Powered by amazon.co.jp

シオドア・スタージョン『輝く断片』amazon | bk1 | 7&Yicon 《このミス》4位、《週刊文春》3位、《闘うベストテン》2位
『現代SF1500冊 回天編 1996〜2005』amazon | bk1 | 7&Y
『現代SF1500冊 乱闘編 1975〜1995』amazon | bk1 | 7&Yicon





【10月25日】 帰宅

シャバの空気を味わう間もなく、とりあえず自宅に残された本の山を整理。
留守中にやってきた整理部隊の活躍でライトノベル文庫はきれいに処理されてるけど、全体の量からすると誤差の範囲としか……。
売り飛ばす本を段ボール3箱分詰めて外に出し、書庫に運ぶ本も外に。友子ちゃんが手作業でどんどん運んでくれてます。

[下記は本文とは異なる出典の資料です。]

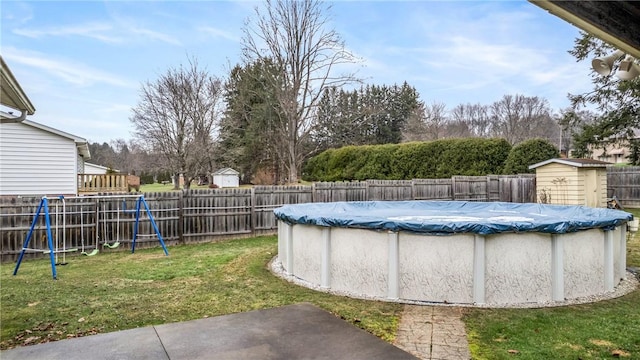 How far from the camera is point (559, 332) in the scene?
3.43 metres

作業が一段落してから、西葛西のホテルパークレーンで、SIGHT別冊「日本一怖い! ブック・オブ・ザ・イヤー2006」用の対談with北上次郎。今回、北上おやぢは、けなされることがわかりきってる小説は登板を回避させる作戦に出たので、いきりたつ場面はありませんでした。退院当日とはいえ、はるばる西葛西まで来ていただいてすみません。




【10月26日】 ローテンション

クスリで血圧と心拍を下げているせいか、やや貧血気味。本をかたづけてるとすぐ疲れる。無理しないようにと言われるまでもなく無理が利きません。タバコは意外と吸いたくならない。仕事してないせいか。

売る本と捨てる雑誌と書庫へ運ぶ本とこれから読む本の分別はほぼ終了。




【10月29日】 SFファン交流会@原宿

お題がラファティなので出かけてみた。もっとも、参加したのは最後の一時間だけ。おお、ひさしぶりの都会だ。今日のゲストは柳下毅一郎と林哲矢。はるばる徳島から、「とりあえず、ラファティ」のらっぱ亭こと松崎さんも参加。わかったようなわからないような話が展開されてました。ラファティを語るのはむずかしい。

二次会の新宿・味王にも1時間半だけ参加して、なかば退院祝い宴会のようなことに。そんなに心配されていたとは。

体のほうは、低血圧・低心拍の禁煙生活にも慣れてきてもう全然ふつう。作業効率は落ちてますが、まあクロック周波数を下げて省電力モードで駆動してる感じだ。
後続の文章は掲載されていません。